Pourquoi es-tu là ? Ce n'est pas pour dire à Dieu : vois tous les efforts que je fais pour écouter Michel pendant une heure toutes les semaines. C'est sûr que si tu le prends de cette manière, si tu prends la vie avec l'Église, avec les sacrements avec les frères dans une espèce de calcul où tu mesures les intérêts de tout ce que tu as fait pour nous, c'est évident que tu rentres dans un rapport comptable avec Dieu qui n'est pas la meilleure perspective ni la meilleure manière de se préparer au baptême. Si au contraire tu reçois aussi bien ta vie humaine, tout ce que tu sais faire, tout ce que tu vas faire, tous tes projets, tout ce que tu as reçu jusqu'à maintenant comme quelque chose qui est donné, qui t'est proposé, alors cela change tout. Tu peux considérer que tu es serviteur inutile, non pas parce que tu ne fais rien, au contraire, mais quand tu l'accomplis, quand tu rentres dans cette dynamique, tu es comme porté, accompagné, soutenu pour le réaliser. C'est cela que Jésus veut dire. Si vous reconnaissez cet amour que Dieu a pour vous, cet amour qui vous a donné la vie, qui vous a donné une certaine sagesse, qui vous a donné de pouvoir comprendre petit à petit qu'être appelé, c'est recevoir un cadeau, une grâce. Si vous recevez tout cela précisément comme un don et comme une grâce alors, autre proverbe : à cheval donné, on ne regarde pas les dents ! Quand on reçoit ce cadeau de la vie et de l'amour de Dieu, on le reçoit à pleine brassée à bras ouverts et dans le bonheur de savoir que même si à certains moments il faut un peu se donner du mal il y a quand même un don fondamental.

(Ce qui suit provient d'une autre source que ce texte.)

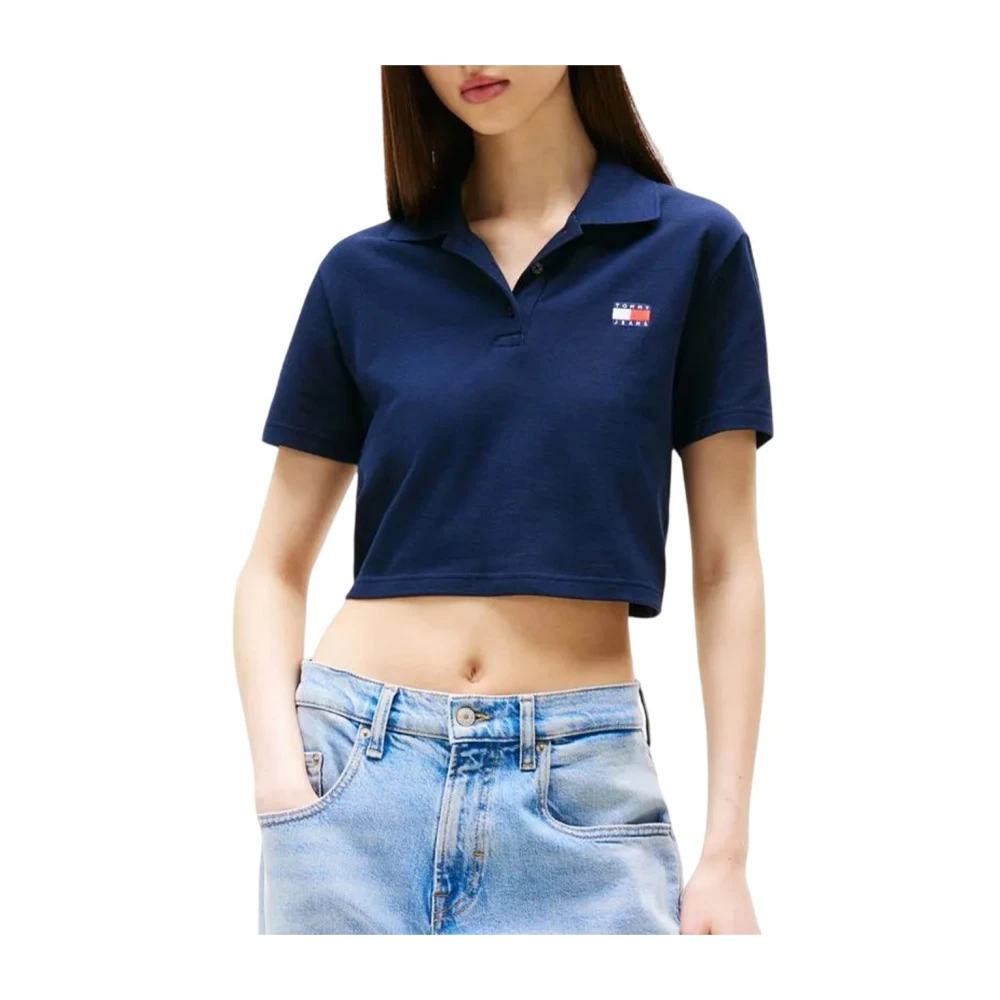 Tommy Hilfiger Polo T-shirt met korte mouwen Blue Dames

Au fond, aujourd'hui, c'est pour cela que tu es ici, parce que tu commences à reconnaître dans ta vie, dans ta manière d'être, dans tout ce qui t'es arrivé, dans tout ce que tu veux construire, tu reconnais déjà quelque chose de ce don, et les chrétiens on un mot pour exprimer cette réalité, c'est la grâce. C'est cela que Jésus voulait dire : si vous aviez un minimum de reconnaissance de cette grâce, et il faut reconnaître que ce n'est pas spontané, car il ne faut pas essayer de gouverner le monde à la place de Dieu. Il y a un don fondamental qui n'exclut rien de notre liberté. Quand vous faites le travail du labour, de conduire le bétail, ensuite de préparer le repas, vous entrez dans la dynamique de ce que Dieu veut faire avec nous, alors pourquoi vous dresser contre moi ? Si c'est que mon amour, ma force et ma grâce sont une coopération avec vous, un soutien d'initiative, d'impulsion pour votre propre agir, pourquoi alors vouloir vous couper de la source ?

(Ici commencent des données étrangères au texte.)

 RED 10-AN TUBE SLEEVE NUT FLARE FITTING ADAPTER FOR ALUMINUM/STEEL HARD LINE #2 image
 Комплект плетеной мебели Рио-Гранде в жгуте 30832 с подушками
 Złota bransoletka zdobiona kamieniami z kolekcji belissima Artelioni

C'est tout cela que nous fêtons avec toi aujourd'hui. Le baptême n'est pas seulement un événement qui se passera à Pâques pour toi, mais pour nous, la grâce du baptême est une grâce incessante. Nous reconnaissons que nous avons reçu une impulsion au départ, mais au fils des jours, des événements, des rencontres, des eucharisties que nous célébrons, au fil de tout ce qui nous arrive dans la vie, nous reconnaissons que Dieu est sans cesse comme un dynamisme et d'impulsion qui nous dit simplement : allez, vas-y, je te lance, aie le courage de t'avancer.

Comme tu peux le voir, le chemin que tu prends maintenant n'est pas un chemin où tu serais livré à tes propres forces, non, être chrétien, c'est reconnaître qu'il y a notre liberté, mais si ce n'était pas porté par ailleurs, où en serions-nous ?

Frères et sœurs, que ce soit aussi pour chacun d'entre nous qui accompagnons Rolon pour entrer dans le mystère de son baptême, l'occasion de réévaluer la grâce en nous, de ne pas la mesurer comme le petit coup de pouce que nous voudrions que Dieu fasse pour que cela aille mieux. Nous n'avons pas assez de foi, mais que ce soit d'abord la grâce comme ce dynamisme fondamental profond qui est à la racine de notre cœur et que Dieu nous donne pour que nous trouvions la plénitude de notre vie, de notre joie, et cette plénitude, ce n'est rien d'autre que lui.